Following the kidnap and murder of their eldest child, they lived in Europe, where Charles was impressed by Germany’s new air power. When they returned to America, he led the isolationist America First Committee. Anne’s supporting booklet The Wave of the Future declared that fascism was the inevitable way forward; she had also written a letter praising Hitler in unequivocal terms.
After the war, she moved away from politics, writing extensive poetry and nonfiction, Gift from the Sea being an inspirational book for women that appears to foreshadow the green movement. (via Wikipedia)
A few of her great quotes are listed below:
On Love:
Love is a force. It is not a result it is a cause. It is not a product it produces. It is a power, like money or steam or electricity.
When you love someone, you do not love them all the time, in exactly the same way, from moment to moment. It is an impossibility. It is even a lie to pretend to. And yet this is exactly what most of us demand. We have so little faith in the ebb and flow of life, of love, of relationships.
Only love can be divided endlessly and still not diminish.
On Life:
Life is a gift, given in trust – like a child.
The most exhausting thing in life is being insincere.
The most exhausting thing in life, I have discovered, is being insincere. That is why so much social life is exhausting one is wearing a mask.
The shape of my life is, of course, determined by many things; my background and childhood, my mind and its education, my conscience and its pressures, my heart and its desires.
On Faith:
We have so little faith in the ebb and flow of life, of love, of relationships.

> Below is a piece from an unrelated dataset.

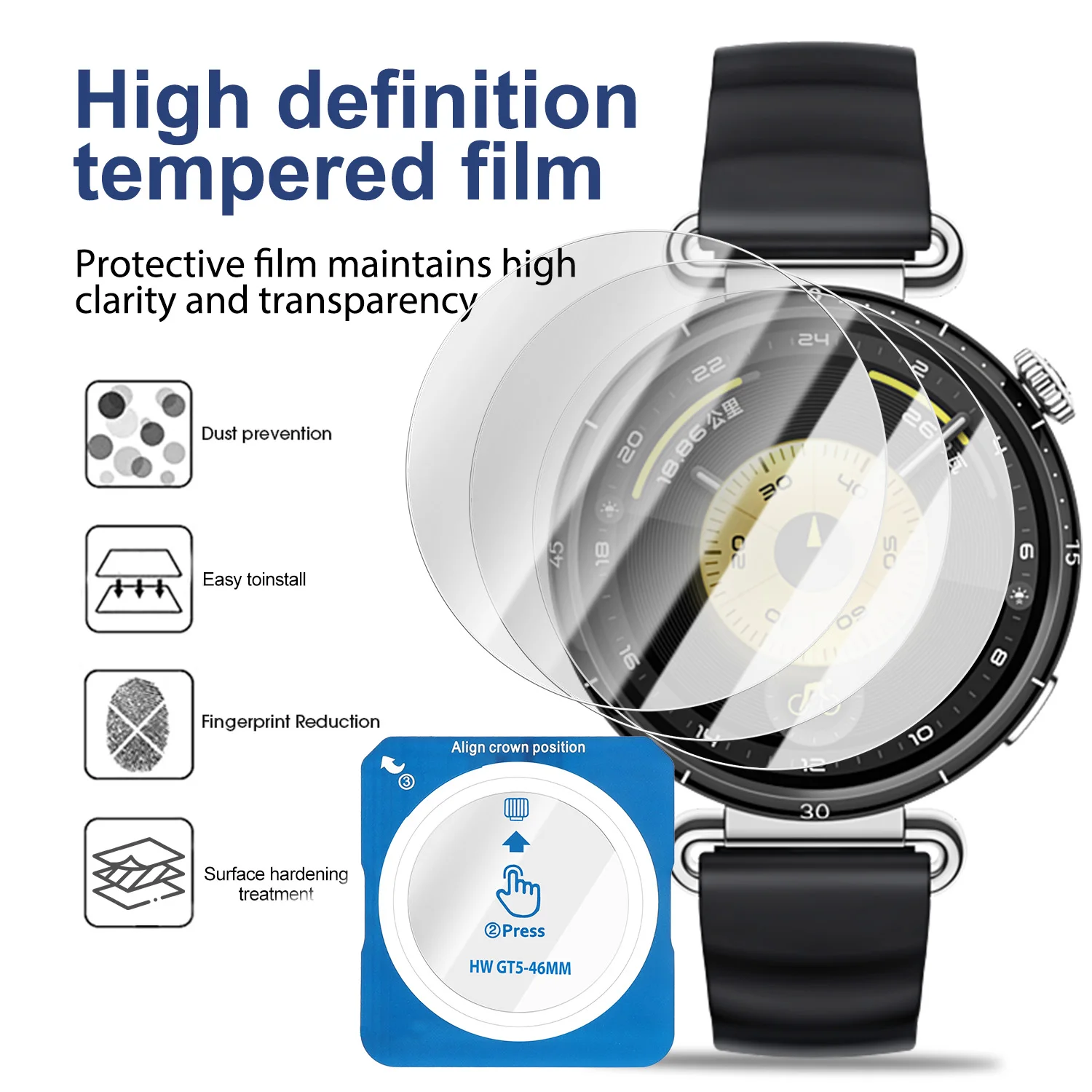 Facile installazione con allineamento automatico in vetro temperato per Huawei Watch GT6 41mm 46mm HD Proteggi schermo trasparente per Huawei GT6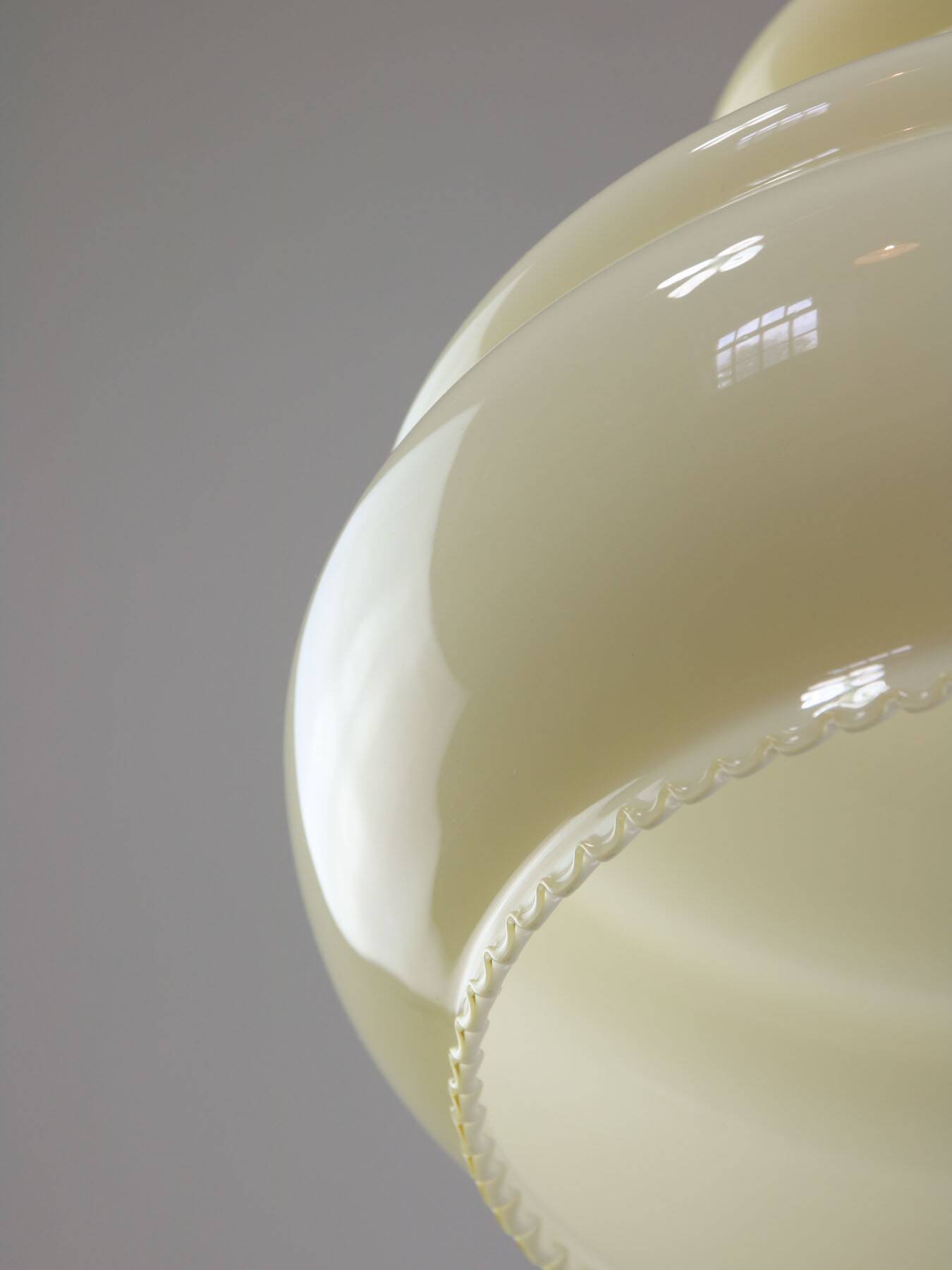 Mid-Century Italian Yellow Glass and Brass Pendant Lamp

It isn’t for the moment you are struck that you need courage, but for that long uphill climb back to sanity and faith and security.
On Writing:
I must write it all out, at any cost. Writing is thinking. It is more than living, for it is being concious of living.
One writes not to be read but to breathe…one writes to think, to pray, to analyze. One writes to clear one’s mind, to dissipate one’s fears, to face one’s doubts, to look at one’s mistakes–in order to retrieve them. One writes to capture and crystallize one’s joy, but also to disperse one’s gloom. Like prayer–you go to it in sorrow more than joy, for help, a road back to ‘grace’.
The beach is not a place to work; to read, write or to think.
Other Quotes:
Don’t wish me happiness
I don’t expect to be happy all the time…
It’s gotton beyond that somehow.
Wish me courage and strength and a sense of humor.
I will need them all.
It takes as much courage to have tried and failed as it does to have tried and succeded.
Women need solitude in order to find again the true essence of themselves.